• Exercise brief:
Only one stretch of the listing below is wanted. Give it again exactly, from the line with "Mens Quartz Luminox" through the line with "TRANSMISSION Suzuki MOTO".

• Data records:
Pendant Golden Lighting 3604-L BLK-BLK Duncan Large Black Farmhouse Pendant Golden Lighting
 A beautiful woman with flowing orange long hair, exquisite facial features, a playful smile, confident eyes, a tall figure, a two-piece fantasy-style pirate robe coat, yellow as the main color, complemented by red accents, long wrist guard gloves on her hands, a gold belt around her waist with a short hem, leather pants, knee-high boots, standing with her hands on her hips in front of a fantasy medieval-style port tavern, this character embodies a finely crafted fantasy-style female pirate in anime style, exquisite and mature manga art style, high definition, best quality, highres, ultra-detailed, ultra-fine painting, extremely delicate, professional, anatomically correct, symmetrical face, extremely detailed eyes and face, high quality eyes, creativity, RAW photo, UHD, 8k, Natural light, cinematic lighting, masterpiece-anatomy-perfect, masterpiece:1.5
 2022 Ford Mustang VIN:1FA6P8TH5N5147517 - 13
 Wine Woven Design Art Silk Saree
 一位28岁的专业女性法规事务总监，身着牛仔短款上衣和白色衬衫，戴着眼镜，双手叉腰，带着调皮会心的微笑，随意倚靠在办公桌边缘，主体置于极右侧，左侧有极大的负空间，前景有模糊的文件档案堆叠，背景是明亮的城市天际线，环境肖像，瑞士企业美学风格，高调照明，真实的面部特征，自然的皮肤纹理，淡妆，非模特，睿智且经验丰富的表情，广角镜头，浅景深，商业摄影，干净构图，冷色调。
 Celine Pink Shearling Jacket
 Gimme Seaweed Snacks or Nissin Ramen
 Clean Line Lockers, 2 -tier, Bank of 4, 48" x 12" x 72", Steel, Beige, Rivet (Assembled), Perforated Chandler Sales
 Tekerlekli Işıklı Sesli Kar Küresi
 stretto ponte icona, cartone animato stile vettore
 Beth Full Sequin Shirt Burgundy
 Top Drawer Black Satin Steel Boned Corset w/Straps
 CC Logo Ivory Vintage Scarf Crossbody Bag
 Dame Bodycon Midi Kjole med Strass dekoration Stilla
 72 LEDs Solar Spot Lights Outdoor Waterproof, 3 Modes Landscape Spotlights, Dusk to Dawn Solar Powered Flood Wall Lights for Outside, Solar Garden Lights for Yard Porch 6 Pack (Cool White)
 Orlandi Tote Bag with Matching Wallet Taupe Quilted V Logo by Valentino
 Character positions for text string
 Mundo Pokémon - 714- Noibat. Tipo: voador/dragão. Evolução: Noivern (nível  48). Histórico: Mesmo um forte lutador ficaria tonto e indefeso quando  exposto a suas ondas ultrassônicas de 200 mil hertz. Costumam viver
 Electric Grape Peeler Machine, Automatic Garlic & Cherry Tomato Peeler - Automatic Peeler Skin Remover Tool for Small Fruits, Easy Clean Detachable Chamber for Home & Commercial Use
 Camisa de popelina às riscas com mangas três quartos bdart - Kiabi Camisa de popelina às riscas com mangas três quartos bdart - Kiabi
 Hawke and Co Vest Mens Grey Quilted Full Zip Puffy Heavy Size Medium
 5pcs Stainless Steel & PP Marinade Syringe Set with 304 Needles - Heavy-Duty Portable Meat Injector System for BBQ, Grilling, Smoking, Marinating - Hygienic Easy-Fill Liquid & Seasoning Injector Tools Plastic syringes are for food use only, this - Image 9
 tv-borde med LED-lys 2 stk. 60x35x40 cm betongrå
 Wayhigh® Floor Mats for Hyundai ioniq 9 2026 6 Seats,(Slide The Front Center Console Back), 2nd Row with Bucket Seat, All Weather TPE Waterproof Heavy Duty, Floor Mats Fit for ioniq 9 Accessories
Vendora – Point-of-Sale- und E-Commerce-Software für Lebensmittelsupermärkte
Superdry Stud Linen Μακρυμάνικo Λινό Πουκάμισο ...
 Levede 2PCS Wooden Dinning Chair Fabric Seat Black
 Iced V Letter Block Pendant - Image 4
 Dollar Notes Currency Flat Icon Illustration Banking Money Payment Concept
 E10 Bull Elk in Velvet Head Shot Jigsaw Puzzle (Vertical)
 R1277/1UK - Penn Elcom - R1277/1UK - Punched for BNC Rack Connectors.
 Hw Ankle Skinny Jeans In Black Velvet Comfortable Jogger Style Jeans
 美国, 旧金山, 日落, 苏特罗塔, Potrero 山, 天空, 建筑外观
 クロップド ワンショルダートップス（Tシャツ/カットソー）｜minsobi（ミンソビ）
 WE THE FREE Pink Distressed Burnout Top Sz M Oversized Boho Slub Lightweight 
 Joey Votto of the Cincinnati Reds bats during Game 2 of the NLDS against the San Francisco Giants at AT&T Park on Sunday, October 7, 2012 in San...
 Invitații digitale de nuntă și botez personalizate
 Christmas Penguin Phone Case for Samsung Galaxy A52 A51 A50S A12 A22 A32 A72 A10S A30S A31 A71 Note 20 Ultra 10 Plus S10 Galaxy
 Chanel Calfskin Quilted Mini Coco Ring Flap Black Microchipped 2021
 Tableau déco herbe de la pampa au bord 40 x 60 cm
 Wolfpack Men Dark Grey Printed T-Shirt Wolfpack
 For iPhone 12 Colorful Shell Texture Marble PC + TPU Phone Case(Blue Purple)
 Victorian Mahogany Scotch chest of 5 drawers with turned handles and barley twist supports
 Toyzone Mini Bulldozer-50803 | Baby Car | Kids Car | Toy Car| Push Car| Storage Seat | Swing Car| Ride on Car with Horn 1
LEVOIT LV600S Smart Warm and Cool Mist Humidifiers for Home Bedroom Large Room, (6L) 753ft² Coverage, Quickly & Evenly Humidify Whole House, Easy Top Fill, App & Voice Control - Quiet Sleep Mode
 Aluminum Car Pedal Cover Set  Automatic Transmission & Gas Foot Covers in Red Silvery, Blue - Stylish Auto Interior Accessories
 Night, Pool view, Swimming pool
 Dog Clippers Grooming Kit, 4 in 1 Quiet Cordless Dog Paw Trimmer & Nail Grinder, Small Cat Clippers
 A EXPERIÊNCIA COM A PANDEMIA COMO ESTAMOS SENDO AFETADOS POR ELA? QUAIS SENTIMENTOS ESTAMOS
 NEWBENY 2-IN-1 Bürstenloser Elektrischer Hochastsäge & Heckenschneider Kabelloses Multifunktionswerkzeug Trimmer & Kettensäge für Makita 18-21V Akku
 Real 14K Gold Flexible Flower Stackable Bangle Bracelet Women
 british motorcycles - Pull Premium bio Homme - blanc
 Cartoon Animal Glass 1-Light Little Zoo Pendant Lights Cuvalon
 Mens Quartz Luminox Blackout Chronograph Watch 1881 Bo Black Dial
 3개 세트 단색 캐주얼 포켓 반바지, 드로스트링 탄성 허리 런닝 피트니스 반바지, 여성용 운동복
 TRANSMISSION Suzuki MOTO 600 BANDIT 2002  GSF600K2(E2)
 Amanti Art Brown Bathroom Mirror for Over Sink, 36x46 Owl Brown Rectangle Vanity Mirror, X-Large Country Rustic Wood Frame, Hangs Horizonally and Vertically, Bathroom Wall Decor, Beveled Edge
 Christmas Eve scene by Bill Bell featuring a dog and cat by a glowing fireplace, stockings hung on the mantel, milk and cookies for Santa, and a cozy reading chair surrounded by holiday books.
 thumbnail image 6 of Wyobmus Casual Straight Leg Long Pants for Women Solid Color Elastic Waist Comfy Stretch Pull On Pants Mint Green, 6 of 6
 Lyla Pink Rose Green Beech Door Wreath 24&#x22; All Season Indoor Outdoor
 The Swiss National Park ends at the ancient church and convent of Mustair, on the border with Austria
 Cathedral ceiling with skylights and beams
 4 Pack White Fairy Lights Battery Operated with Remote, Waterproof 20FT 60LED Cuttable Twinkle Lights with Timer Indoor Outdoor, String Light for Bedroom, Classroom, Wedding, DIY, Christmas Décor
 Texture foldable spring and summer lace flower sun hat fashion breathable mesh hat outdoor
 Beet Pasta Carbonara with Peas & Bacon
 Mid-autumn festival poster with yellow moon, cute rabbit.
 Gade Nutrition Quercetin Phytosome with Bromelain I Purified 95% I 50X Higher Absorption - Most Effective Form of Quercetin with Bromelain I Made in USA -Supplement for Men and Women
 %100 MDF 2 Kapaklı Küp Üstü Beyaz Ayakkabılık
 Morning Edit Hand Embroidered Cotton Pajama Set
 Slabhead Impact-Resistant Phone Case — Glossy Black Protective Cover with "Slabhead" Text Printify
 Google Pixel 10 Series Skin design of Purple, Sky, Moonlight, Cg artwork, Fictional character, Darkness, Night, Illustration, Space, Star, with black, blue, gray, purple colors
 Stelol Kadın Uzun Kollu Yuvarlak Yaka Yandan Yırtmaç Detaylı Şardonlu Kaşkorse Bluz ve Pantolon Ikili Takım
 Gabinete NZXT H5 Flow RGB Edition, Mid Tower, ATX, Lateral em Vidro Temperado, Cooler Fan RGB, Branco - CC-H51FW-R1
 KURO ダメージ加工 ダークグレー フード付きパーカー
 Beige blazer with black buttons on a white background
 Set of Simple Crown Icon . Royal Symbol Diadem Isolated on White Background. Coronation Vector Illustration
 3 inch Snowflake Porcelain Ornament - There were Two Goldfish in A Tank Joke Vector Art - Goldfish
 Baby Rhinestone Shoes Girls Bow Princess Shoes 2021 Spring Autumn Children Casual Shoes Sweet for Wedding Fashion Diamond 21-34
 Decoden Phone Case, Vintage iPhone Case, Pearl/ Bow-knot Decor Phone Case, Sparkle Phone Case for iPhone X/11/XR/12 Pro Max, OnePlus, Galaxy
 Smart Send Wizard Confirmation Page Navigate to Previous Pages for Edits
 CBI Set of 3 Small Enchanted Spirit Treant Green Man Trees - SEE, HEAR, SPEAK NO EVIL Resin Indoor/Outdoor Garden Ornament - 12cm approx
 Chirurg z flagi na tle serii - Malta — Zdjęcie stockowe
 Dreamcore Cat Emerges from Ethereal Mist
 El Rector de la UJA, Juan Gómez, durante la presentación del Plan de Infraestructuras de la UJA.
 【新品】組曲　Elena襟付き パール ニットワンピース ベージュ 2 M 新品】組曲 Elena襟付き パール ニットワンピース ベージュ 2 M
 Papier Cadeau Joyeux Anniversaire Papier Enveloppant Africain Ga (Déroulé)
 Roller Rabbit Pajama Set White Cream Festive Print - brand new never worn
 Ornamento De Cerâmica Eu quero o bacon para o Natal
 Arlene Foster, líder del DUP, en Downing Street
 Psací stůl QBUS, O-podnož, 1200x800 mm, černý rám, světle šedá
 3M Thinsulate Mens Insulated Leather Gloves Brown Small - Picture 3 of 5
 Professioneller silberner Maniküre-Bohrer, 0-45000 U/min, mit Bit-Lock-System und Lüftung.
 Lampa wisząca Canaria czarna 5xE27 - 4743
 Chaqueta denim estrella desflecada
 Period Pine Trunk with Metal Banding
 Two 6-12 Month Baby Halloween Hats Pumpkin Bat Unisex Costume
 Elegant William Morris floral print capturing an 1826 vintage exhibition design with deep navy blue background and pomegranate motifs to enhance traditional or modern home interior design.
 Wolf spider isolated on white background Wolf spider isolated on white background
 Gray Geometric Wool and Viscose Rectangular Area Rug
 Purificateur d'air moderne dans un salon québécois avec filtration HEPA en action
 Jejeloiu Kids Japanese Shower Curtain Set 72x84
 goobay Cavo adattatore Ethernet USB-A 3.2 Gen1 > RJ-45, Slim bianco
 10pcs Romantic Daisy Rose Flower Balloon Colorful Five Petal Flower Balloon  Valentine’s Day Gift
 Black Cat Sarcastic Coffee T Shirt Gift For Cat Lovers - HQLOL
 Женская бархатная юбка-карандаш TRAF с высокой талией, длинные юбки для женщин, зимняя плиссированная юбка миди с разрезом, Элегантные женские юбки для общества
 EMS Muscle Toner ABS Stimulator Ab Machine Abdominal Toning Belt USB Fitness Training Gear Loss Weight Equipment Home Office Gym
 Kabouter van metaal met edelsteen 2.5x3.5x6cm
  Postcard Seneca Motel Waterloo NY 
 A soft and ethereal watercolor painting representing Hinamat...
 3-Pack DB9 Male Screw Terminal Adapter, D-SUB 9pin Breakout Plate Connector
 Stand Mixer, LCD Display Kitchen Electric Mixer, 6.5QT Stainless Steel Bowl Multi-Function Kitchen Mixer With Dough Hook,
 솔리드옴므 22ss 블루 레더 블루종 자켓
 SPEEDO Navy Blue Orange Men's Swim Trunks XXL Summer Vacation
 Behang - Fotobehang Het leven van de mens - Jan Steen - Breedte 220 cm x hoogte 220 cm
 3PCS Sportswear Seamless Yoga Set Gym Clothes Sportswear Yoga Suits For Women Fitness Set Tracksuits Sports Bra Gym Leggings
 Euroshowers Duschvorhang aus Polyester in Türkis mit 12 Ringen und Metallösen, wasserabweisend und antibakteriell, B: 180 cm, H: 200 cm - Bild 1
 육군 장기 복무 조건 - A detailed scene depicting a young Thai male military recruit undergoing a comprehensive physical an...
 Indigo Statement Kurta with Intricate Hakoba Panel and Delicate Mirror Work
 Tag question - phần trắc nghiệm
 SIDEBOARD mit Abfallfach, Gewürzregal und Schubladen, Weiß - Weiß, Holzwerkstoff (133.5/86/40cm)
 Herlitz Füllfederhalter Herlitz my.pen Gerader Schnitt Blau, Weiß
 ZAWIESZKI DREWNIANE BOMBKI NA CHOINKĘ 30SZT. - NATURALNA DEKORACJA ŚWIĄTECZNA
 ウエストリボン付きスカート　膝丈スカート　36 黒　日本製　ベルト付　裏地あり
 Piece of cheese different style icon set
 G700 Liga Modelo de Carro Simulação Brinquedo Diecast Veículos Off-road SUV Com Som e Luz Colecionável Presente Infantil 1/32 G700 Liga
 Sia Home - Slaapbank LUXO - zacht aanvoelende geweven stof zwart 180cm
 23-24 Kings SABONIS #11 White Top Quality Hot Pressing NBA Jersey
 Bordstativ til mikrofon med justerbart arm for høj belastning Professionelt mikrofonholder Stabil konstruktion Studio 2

• Solution for this exercise:
 Mens Quartz Luminox Blackout Chronograph Watch 1881 Bo Black Dial
 3개 세트 단색 캐주얼 포켓 반바지, 드로스트링 탄성 허리 런닝 피트니스 반바지, 여성용 운동복
 TRANSMISSION Suzuki MOTO 600 BANDIT 2002  GSF600K2(E2)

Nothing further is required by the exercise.